O Supremo Tribunal Federal decidiu recentemente pela possibilidade de incidência de Imposto sobre a Transmissão de Bens Imóveis (ITBI) quando os imóveis são conferidos ao patrimônio de sociedade empresarial.
O episódio sucedeu através do Recurso Extraordinário nº 796.376/SC, no qual um contribuinte havia constituído sociedade, transmitindo, para tanto, 17 imóveis com o valor total lançado à conta de ágio do patrimônio líquido e cerca de 33 vezes maior do que o montante que chegou a ser de fato integralizado. O requerimento consistia na dispensa do pagamento do imposto sob o valor total dos imóveis, a partir da hipótese prevista no art. 156, §2º, I, da Constituição da República:
I – não incide sobre a transmissão de bens ou direitos incorporados ao patrimônio de pessoa jurídica em realização de capital, nem sobre a transmissão de bens ou direitos decorrente de fusão, incorporação, cisão ou extinção de pessoa jurídica, salvo se, nesses casos, a atividade preponderante do adquirente for a compra e venda desses bens ou direitos, locação de bens imóveis ou arrendamento mercantil.

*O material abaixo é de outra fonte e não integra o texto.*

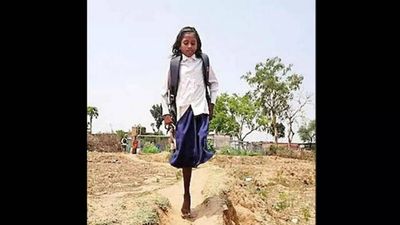 Bihar: Helps pour in as 10-year-old girl hops 1km to school on one leg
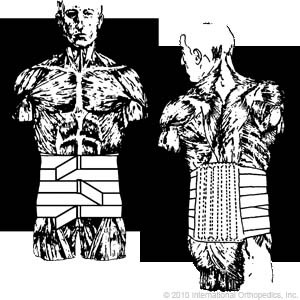 Lumbosacral Support - Rigid Support Item# 170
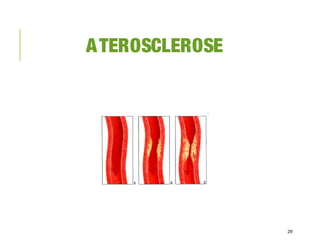 ATEROSCLEROSE
29
 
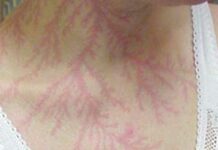 tatuagem causada por um raio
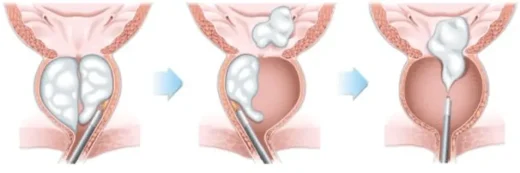 Holmium Laser Enucleation of the Prostate (HoLEP): A Comprehensive Overview 6 Holmium Laser Enucleation of the Prostate (HoLEP)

A Suprema Corte, por sua vez, fixou através da repercussão geral nº 796 que “a imunidade em relação ao ITBI, prevista no inciso I do §2º do art. 156 da Constituição Federal, não alcança o valor dos bens que exceder o limite do capital social a ser integralizado”, negando assim a pretensão do recorrente.
A problemática deste incidente decorre de interpretação ambígua do termo “incorporação”, enunciado na Constituição por parte dos entes municipais – “não incide sobre a transmissão de bens ou direitos incorporados ao patrimônio de pessoa jurídica em realização de capital”. Isto, porque, algumas normas tributárias usam a mesma expressão “incorporação” para se referirem tanto à integralização de bens ao patrimônio da pessoa jurídica em realização de capital social, quanto à incorporação entre pessoas jurídicas, duas operações distintas do Direito Societário.
Desta maneira, alguns municípios teriam margem para a cobrança de ITBI em situações que, na verdade, dizem respeito ao segundo cenário – a incorporação propriamente dita, quer seja: intervenções empresariais nas quais uma ou mais organizações são absorvidas por outra – comportamento este manifestadamente ilegítimo.
Essa acepção, inclusive, é destituída a partir de breve análise do art. 156, §2º, I da CF, que não onera as operações de transmissão inseridas à realização de capital em sociedade de bens nem operações decorrentes de fusão, incorporação, cisão ou extinção de pessoa jurídica, configurando duas hipóteses completamente diversas de dispensa tributária.
A fundamentação do Ministro Alexandre de Moraes também foi categórica a respeito: “é dizer, a incorporação de bens ao patrimônio da pessoa jurídica em realização de capital, que está na primeira parte do inciso I do § 2º, do art. 156 da CF/88, não se confunde com as figuras jurídicas societárias da incorporação, fusão, cisão e extinção de pessoas jurídicas referidas na segunda parte do referido inciso I”. Erradicando assim, a hipótese de cobrança para as situações de incorporação de capital supramencionadas.
Sob à égide do voto favorável à imunidade incondicionada do Relator Ministro Marco Aurélio, também se estabeleceu a ressalva de que: “a razão de ser da imunidade – e nada surge sem causa, princípio lógico e racional do determinismo – é facilitar o trânsito jurídico de bens, considerado o ganho social decorrente do desenvolvimento nacional, objetivo fundamental da República – artigo 3º, inciso III, da Lei Maior”.
Conclui-se, portanto, que qualquer interpretação diversa a respeito do alcance da imunidade tributária do Imposto de Transmissão de Bens Imóveis (ITBI) nas operações destacadas configura violação aos mandamentos constitucionais, passível de discordância em relação aos entes municipais.